- DVD cover
- Directed by: Jack Lee
- Written by: Eric Williams
- Produced by: Ian Dalrymple
- Starring: Leo Genn; David Tomlinson; Anthony Steel;
- Cinematography: C. M. Pennington-Richards
- Edited by: Peter Seabourne; John Seabourne;
- Music by: Clifton Parker
- Production company: London Films
- Distributed by: British Lion Film Corporation
- Release date: 16 October 1950;
- Running time: 101 minutes
- Country: United Kingdom
- Languages: English; German; French; Danish;
- Box office: £266,545 (UK)

= The Wooden Horse =

1950 film by Jack Lee

The Wooden Horse is a 1950 British World War II war film directed by Jack Lee and starring Leo Genn, David Tomlinson and Anthony Steel. It is based on the book of the same name by Eric Williams, who also wrote the screenplay.

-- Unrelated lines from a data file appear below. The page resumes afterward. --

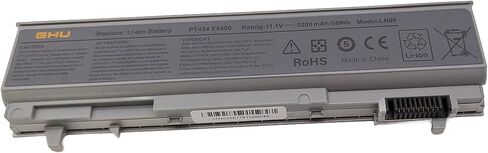 بطارية GHU جديدة 58Wh T54FJ M5Y0X 312-1163 HCJWT NHXVW PRRRF متوافقة مع Dell Latitude E5420 E5430 E5520 E5530 E6420 E6430 E6440 E6520 E6530 E6540 YKF0M X57F1 04NW9 8858X P8TC7 T5 4F3 8858X N3X1D in Saudi Arabia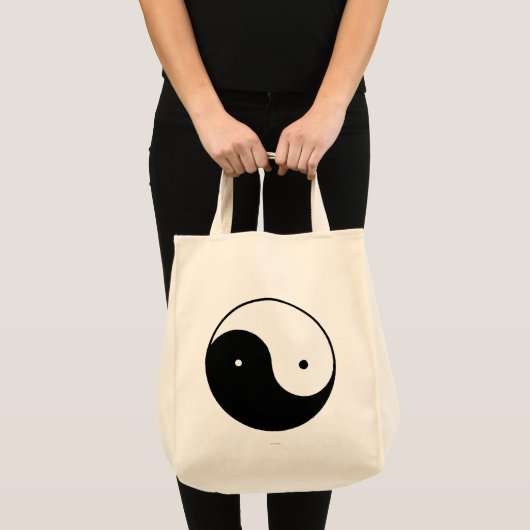 Yin Yang Symbol Tote Bag (Voorkant (product))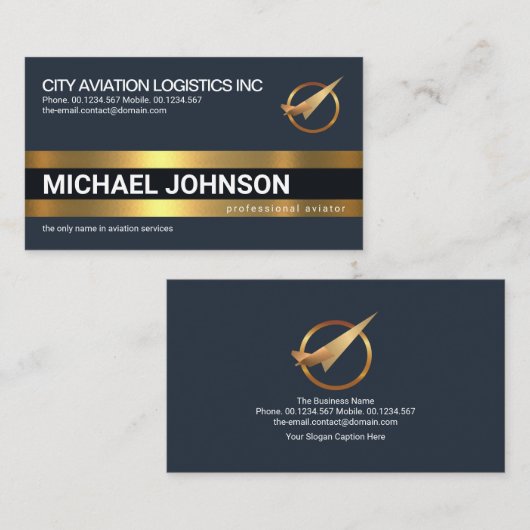 Carte De Visite Calques simples en ligne d'or Logistique Transport (Devant / Derrière)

The film depicts the true events of an escape attempt made by POWs in the German prison camp Stalag Luft III. The wooden horse in the title of the film is a piece of exercise equipment the prisoners use to conceal their escape attempt as well as a reference to the Trojan Horse which was also used to conceal men within.

The Wooden Horse was shot in a low-key style, with a limited budget and a cast including many amateur actors.

==Plot==
Flight Lieutenant Peter Howard, Captain John Clinton and Philip Rowe are Allied prisoners in Stalag Luft III, a German prisoner of war camp in World War II. Plans to dig an escape tunnel are complicated by the layout of the camp. Their barracks huts, the only place a tunnel entrance might be concealed, are a considerable distance from the perimeter fence. To reduce the amount of digging needed, the prisoners come up with an ingenious way of shortening the tunnel. They decide to start the tunnel in the middle of an open area close to the perimeter fence and conceal the entrance with a vaulting horse constructed from plywood from Canadian Red Cross parcels.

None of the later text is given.